** Dataset items **
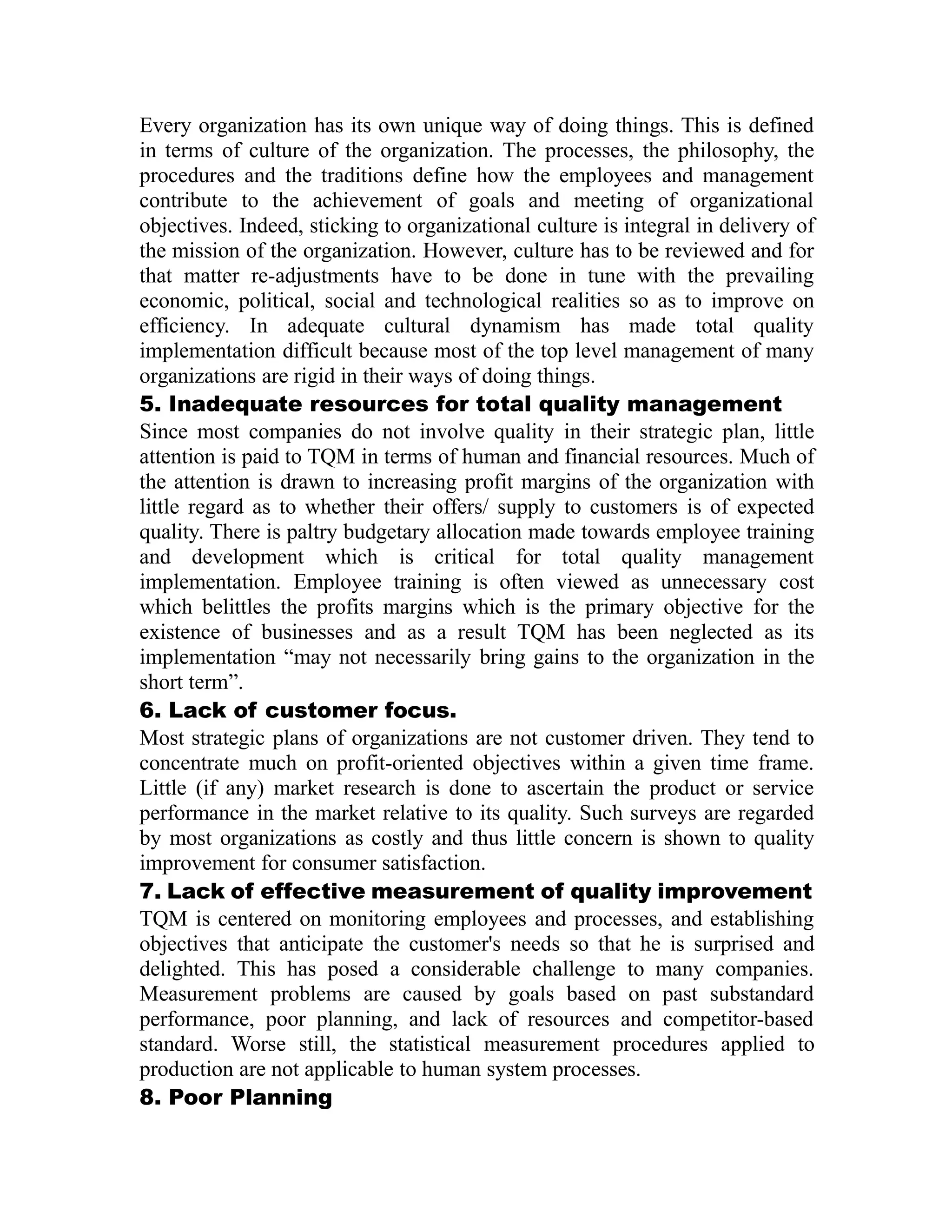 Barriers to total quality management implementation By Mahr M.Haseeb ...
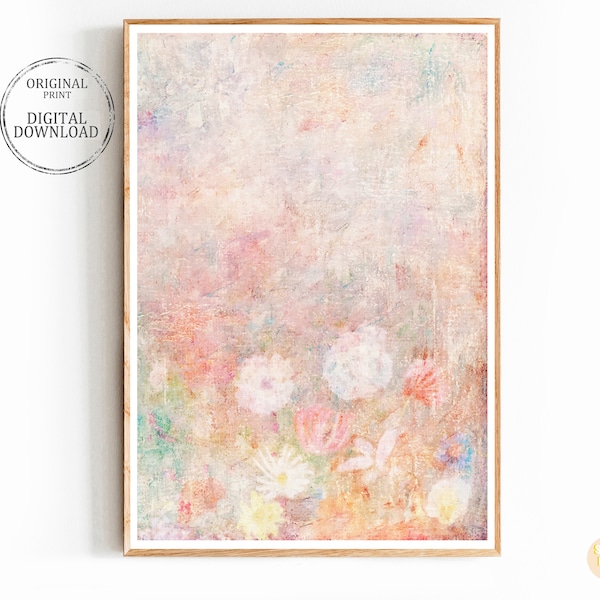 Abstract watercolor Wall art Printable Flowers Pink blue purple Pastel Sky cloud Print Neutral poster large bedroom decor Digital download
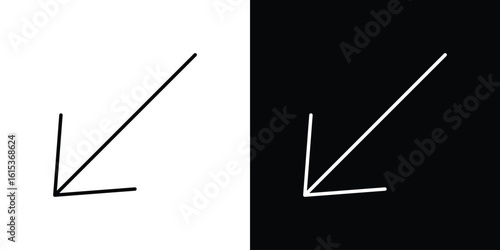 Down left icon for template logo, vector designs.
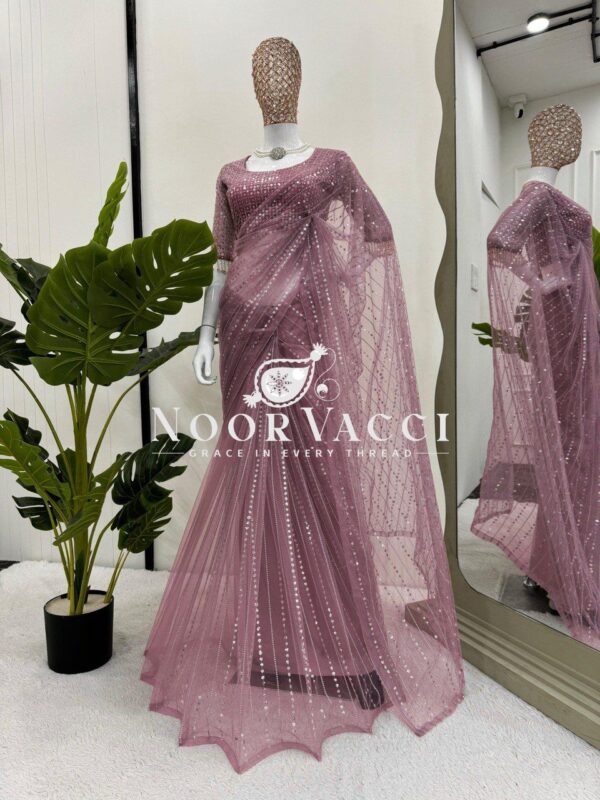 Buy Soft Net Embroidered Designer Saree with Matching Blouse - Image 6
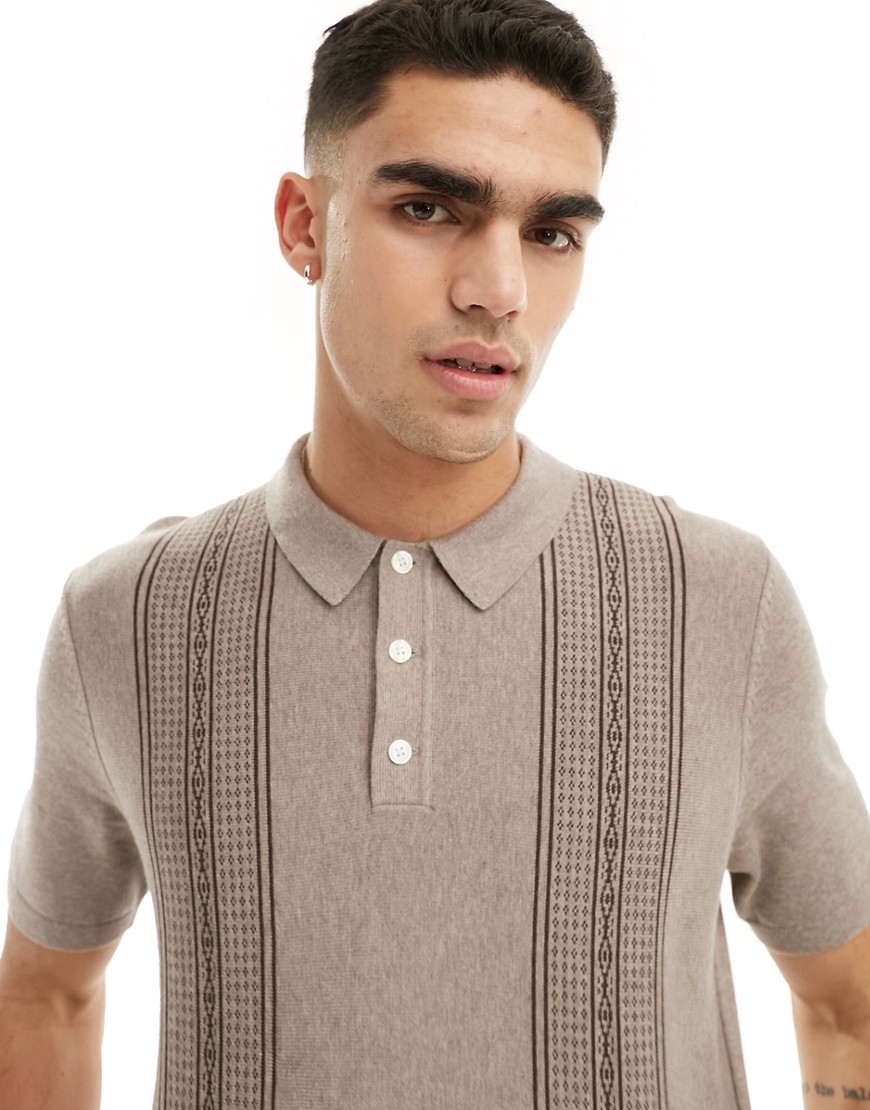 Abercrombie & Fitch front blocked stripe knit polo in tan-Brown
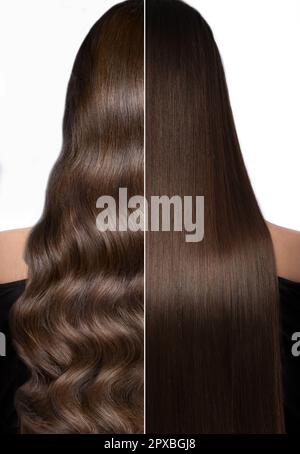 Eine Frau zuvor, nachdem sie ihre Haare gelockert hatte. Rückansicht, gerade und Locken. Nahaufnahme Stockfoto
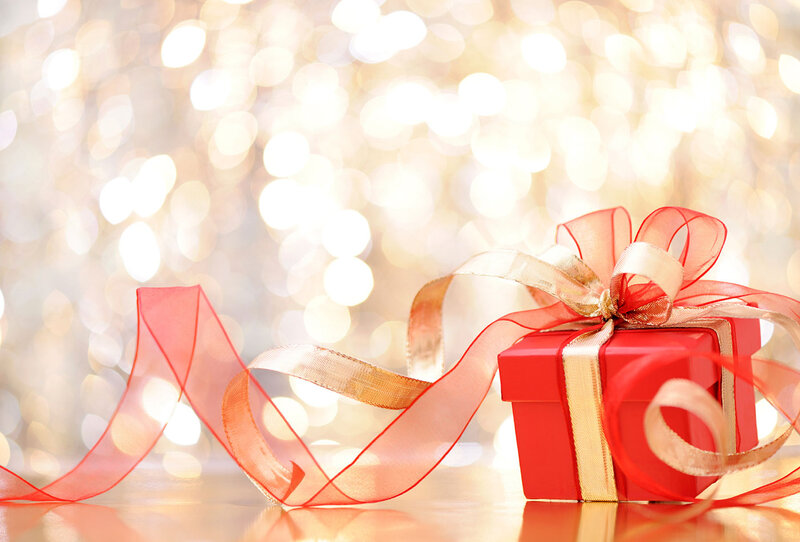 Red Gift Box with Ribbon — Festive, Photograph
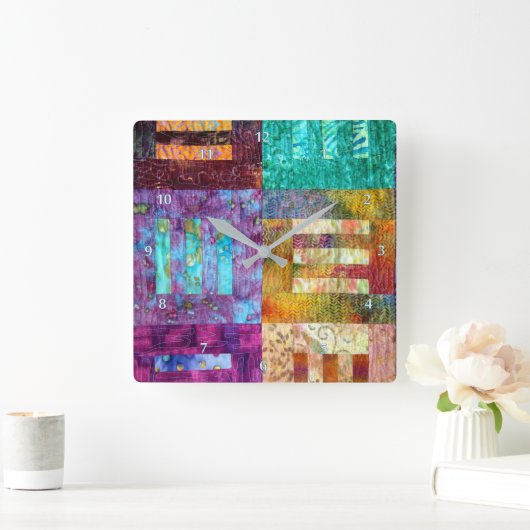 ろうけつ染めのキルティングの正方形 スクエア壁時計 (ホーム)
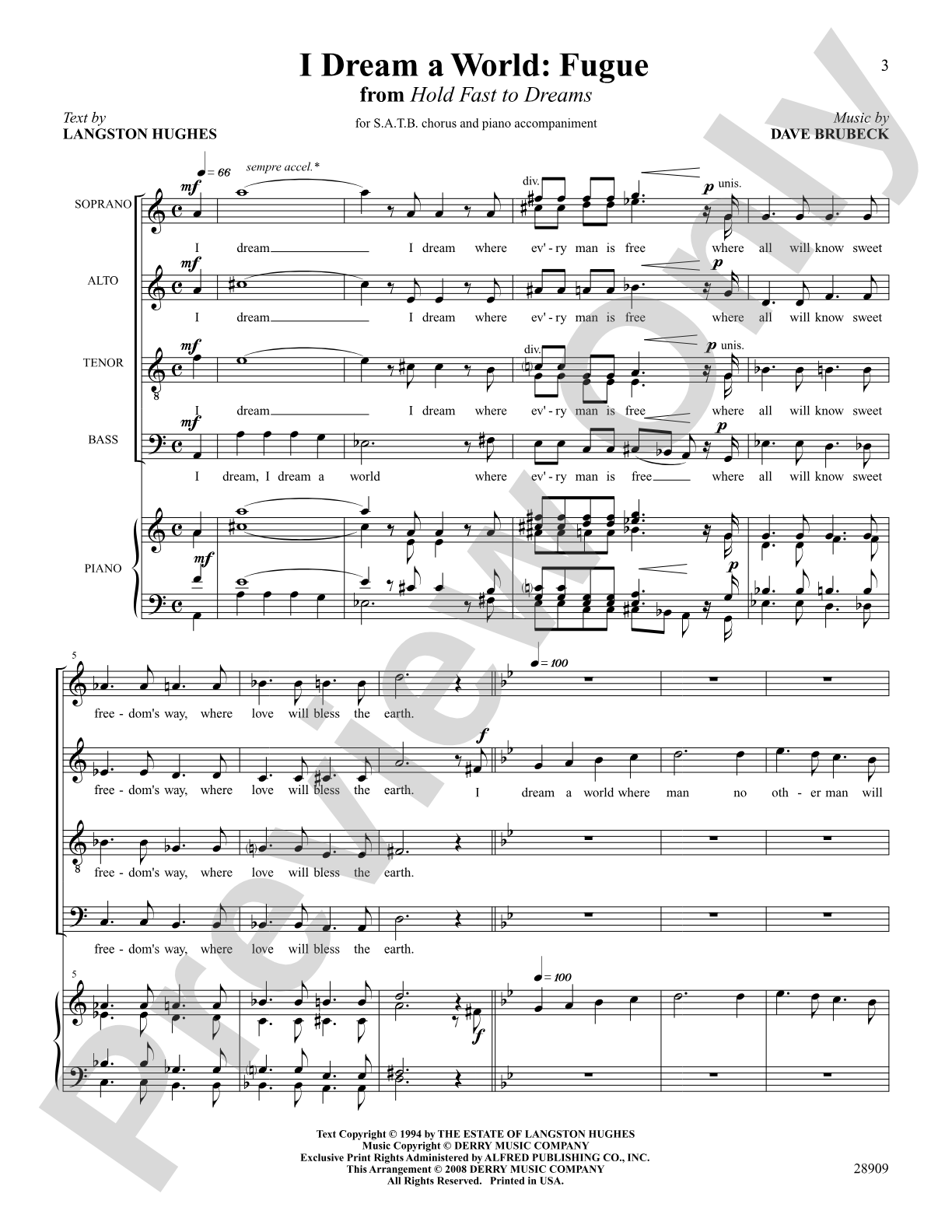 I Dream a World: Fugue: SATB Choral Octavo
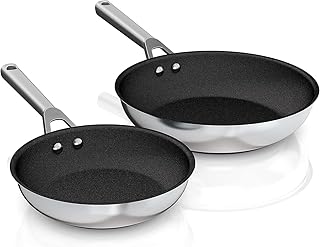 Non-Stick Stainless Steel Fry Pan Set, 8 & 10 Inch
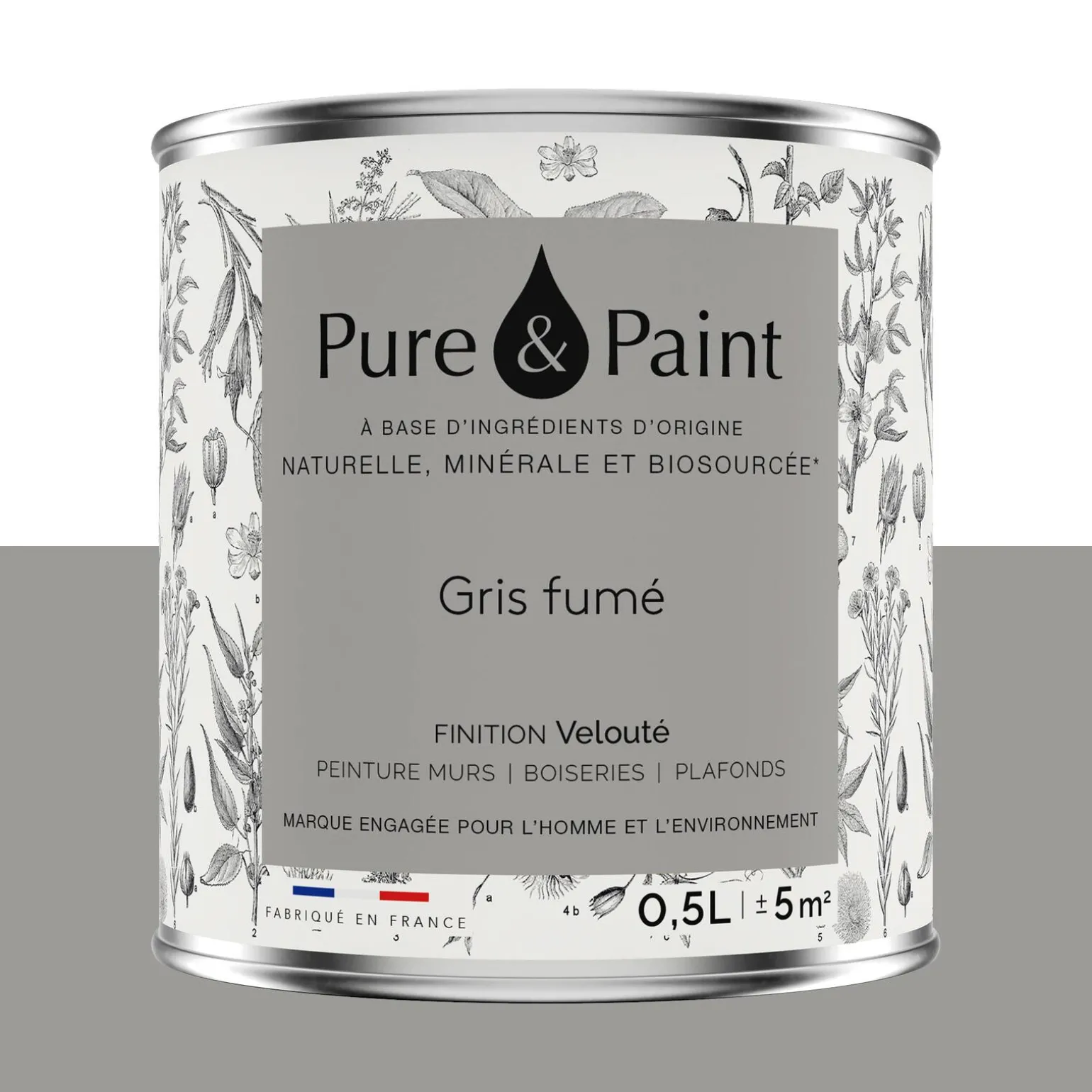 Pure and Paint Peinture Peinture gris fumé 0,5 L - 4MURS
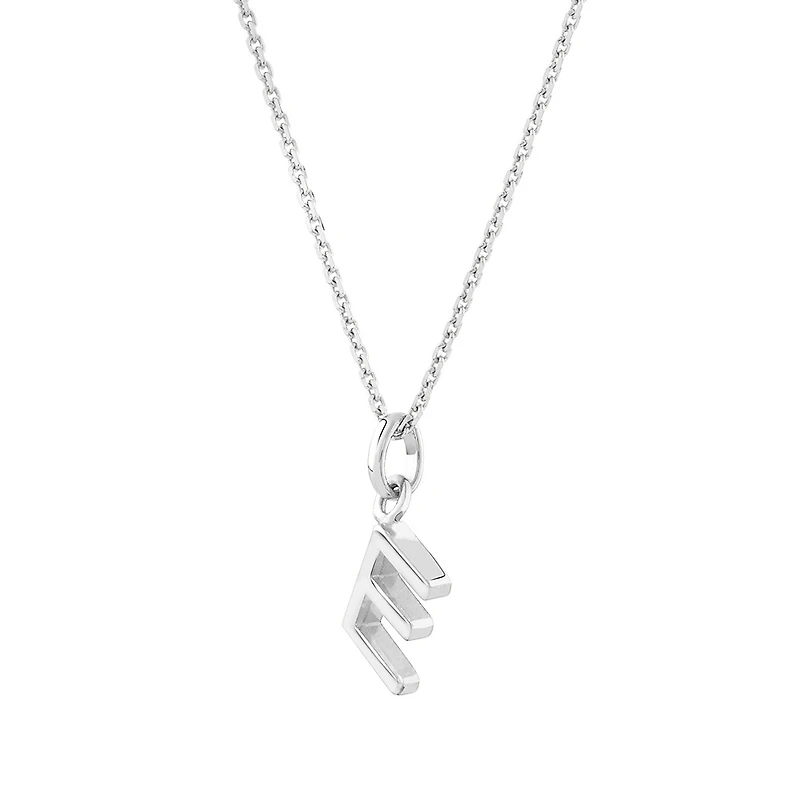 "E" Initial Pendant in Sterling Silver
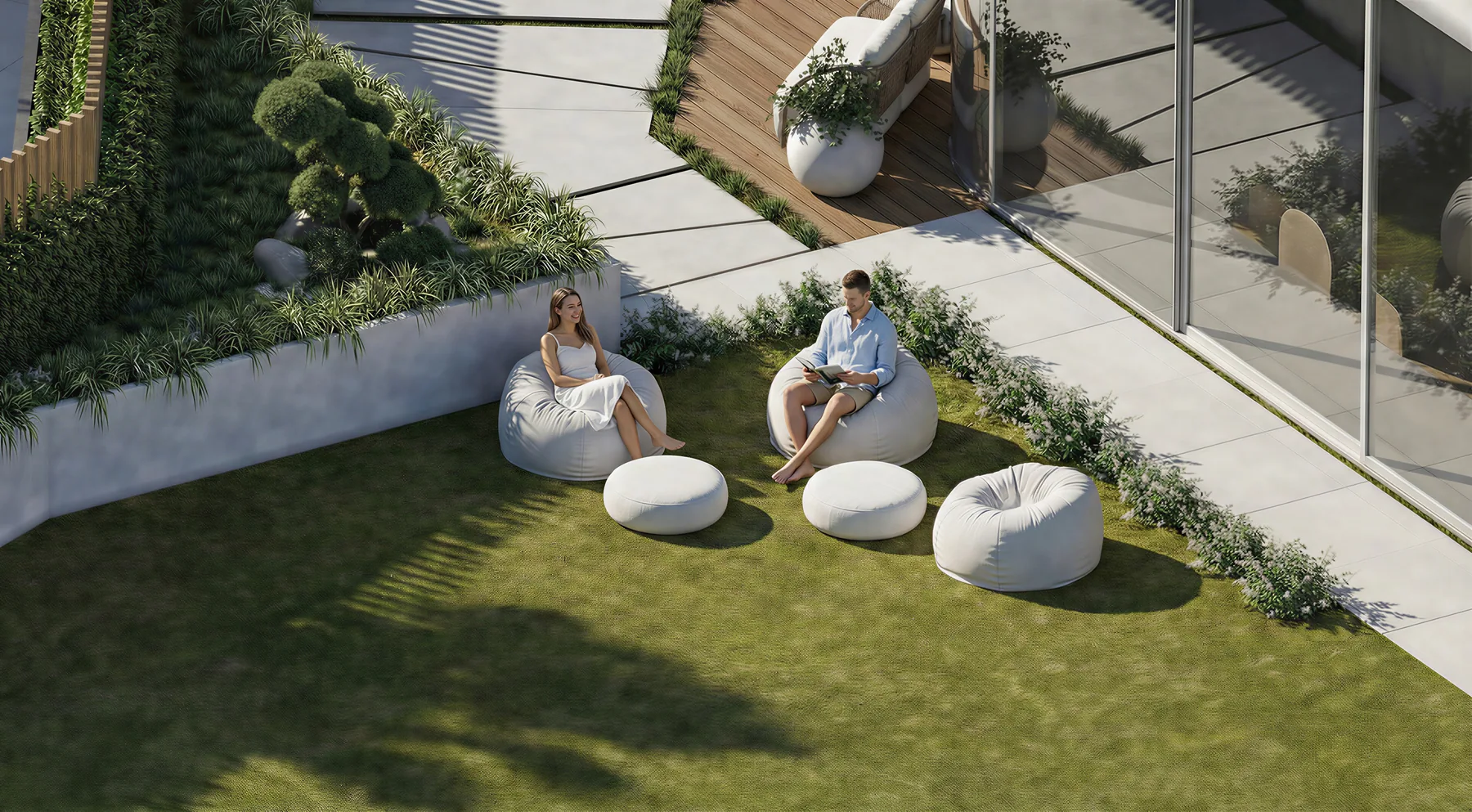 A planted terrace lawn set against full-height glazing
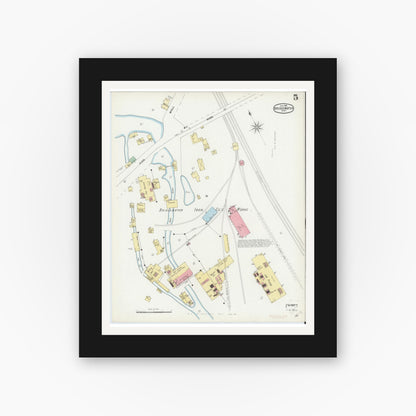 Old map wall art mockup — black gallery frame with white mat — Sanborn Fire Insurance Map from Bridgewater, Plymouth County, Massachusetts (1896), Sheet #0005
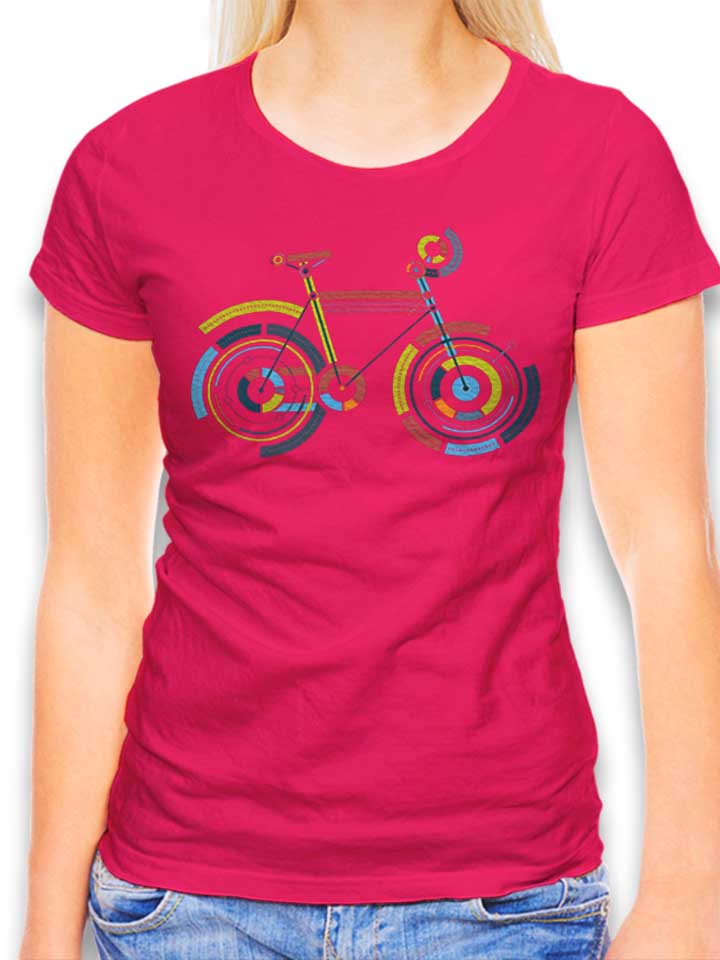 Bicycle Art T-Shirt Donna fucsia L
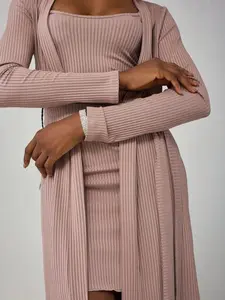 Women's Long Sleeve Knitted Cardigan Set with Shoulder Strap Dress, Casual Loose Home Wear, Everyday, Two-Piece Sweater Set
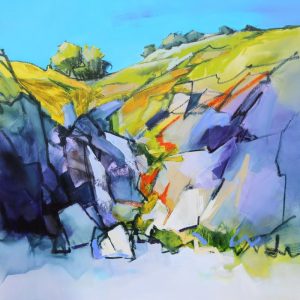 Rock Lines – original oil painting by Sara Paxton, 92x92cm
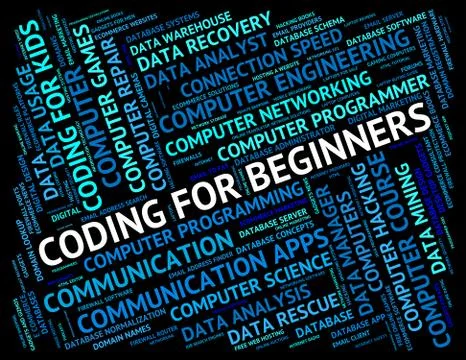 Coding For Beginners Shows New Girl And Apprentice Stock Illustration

** Exercise instructions **
Your reply should hold only the lines running from the one with "A planted terrace" to the end of the data above, set down exactly, pictures omitted.

** Written reply **
 A planted terrace lawn set against full-height glazing
 Old map wall art mockup — black gallery frame with white mat — Sanborn Fire Insurance Map from Bridgewater, Plymouth County, Massachusetts (1896), Sheet #0005
 Bicycle Art T-Shirt Donna fucsia L
 Women's Long Sleeve Knitted Cardigan Set with Shoulder Strap Dress, Casual Loose Home Wear, Everyday, Two-Piece Sweater Set
 Rock Lines – original oil painting by Sara Paxton, 92x92cm
 Coding For Beginners Shows New Girl And Apprentice Stock Illustration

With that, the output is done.